J’en reviens à votre administration, monsieur le ministre, ainsi qu’à la LOPPSI, pour indiquer que je soutiens bien évidemment les forces de police, qui ont également été victimes des propos déplacés et suspicieux du Président de la République.
Comment, à l’occasion de la tragique affaire de Pornic, la majorité peut-elle à ce point se défausser de ses responsabilités et accuser les fonctionnaires de dysfonctionnements, au lieu d’assumer sa part de responsabilité ?
Les fonctionnaires du ministère de la justice et de l’intérieur sont ainsi désavoués, alors même que la LOPPSI leur imposera de nouvelles contraintes et une charge de travail supplémentaire, pour un effectif toujours en recul.
En effet, comme le dénoncent leurs syndicats, aucun nouveau moyen ne leur sera accordé, face à un nombre croissant de dossiers à gérer. Nos fonctionnaires méritent une bien meilleure considération et des moyens humains et matériels importants. Leur colère et leur méfiance sont grandes, et il y a de quoi !
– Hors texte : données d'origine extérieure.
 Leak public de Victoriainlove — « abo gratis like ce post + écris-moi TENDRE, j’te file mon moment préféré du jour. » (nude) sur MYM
Par ailleurs, dans un communiqué diffusé aujourd’hui même, le syndicat de la magistrature affirme qu’il sait « de façon certaine qu’au niveau local des pressions s’exercent sur les policiers qui se joignent à la protestation » – ces policiers qui ont déjà tant de travail et à qui la LOPPSI imposera de faire respecter des mesures liberticides et attentatoires à nos droits fondamentaux.
Je regrette évidemment, monsieur le ministre, que les députés aient voté tout à l’heure le texte de compromis issu de la commission mixte paritaire, qui traduit dans la loi une partie des mesures sécuritaires du discours de Grenoble du Président de la République et qui est purement d’opportunité. En effet, il a suscité une réelle rébellion, dans la rue mais aussi au Sénat.
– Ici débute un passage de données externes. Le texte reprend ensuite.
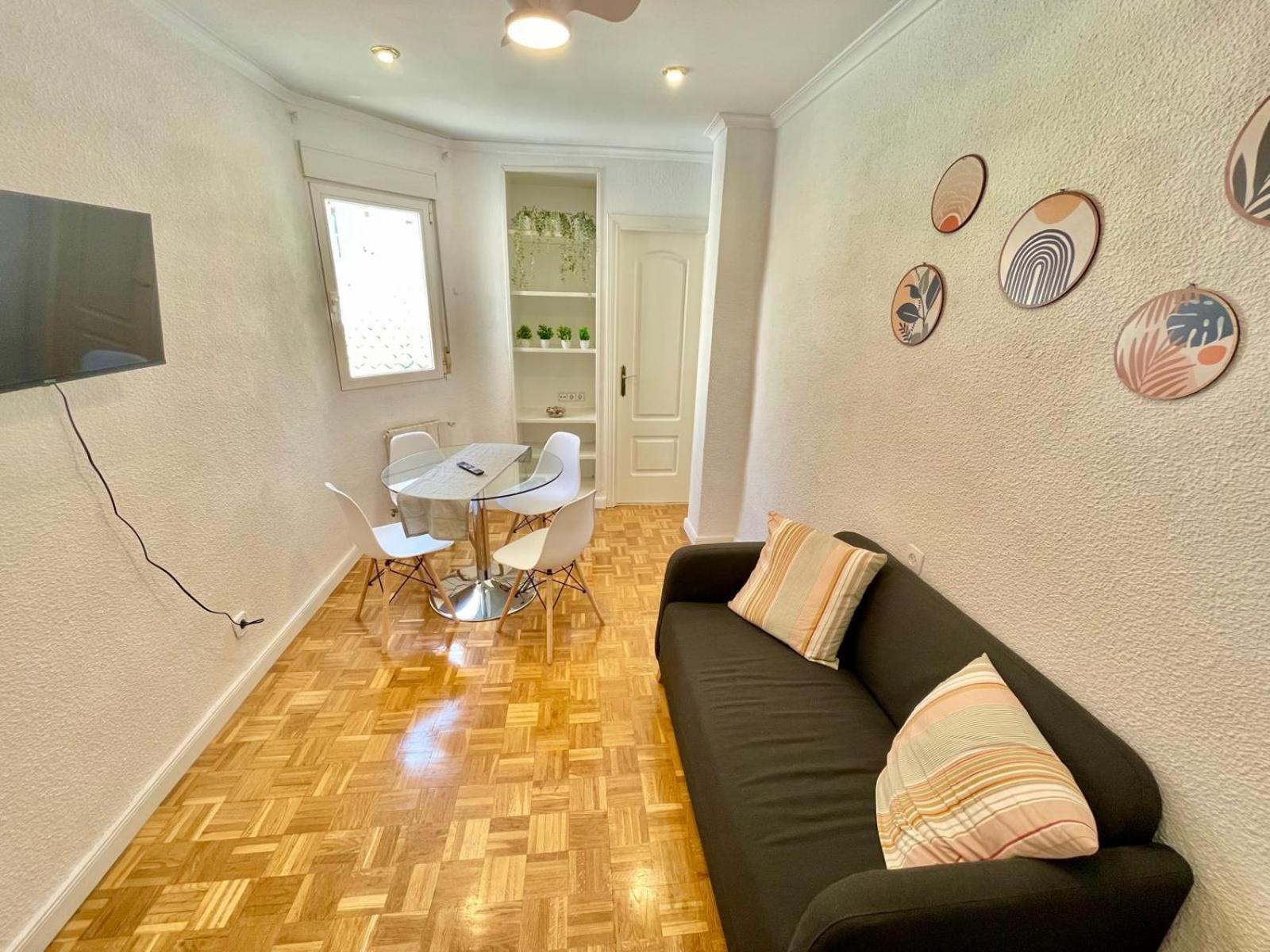 Acogedor Apartamento En Tetuan Madrid Bagian luar foto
Vous avez salué tout à l’heure à l’Assemblée nationale le vote de cette LOPPSI, la qualifiant de « boîte à outil à la disposition de la protection et de la sécurité de nos citoyens ».
Or vous savez pertinemment qu’il n’en est rien. En effet, la LOPPSI 2 ne protégera nullement nos citoyens. Elle les stigmatisera, en particulier les plus précaires d’entre eux ; elle les fichera, nous surveillera, nous contrôlera ! Elle créera des peurs et des méfiances. Elle dressera les pauvres les uns contre les autres et criminalisera les plus précaires.
Le Gouvernement met en avant la montée de la délinquance pour susciter des craintes et ainsi justifier des mesures liberticides disproportionnées, au lieu d’admettre son incapacité à lutter de façon efficace contre ce phénomène.
En effet, le Président de la République et le Gouvernement n’ont eu de cesse de surfer sur la vague de la peur pour justifier des atteintes graves à nos libertés, au lieu de remettre en cause leur gestion de la situation et leur politique répressive inefficace.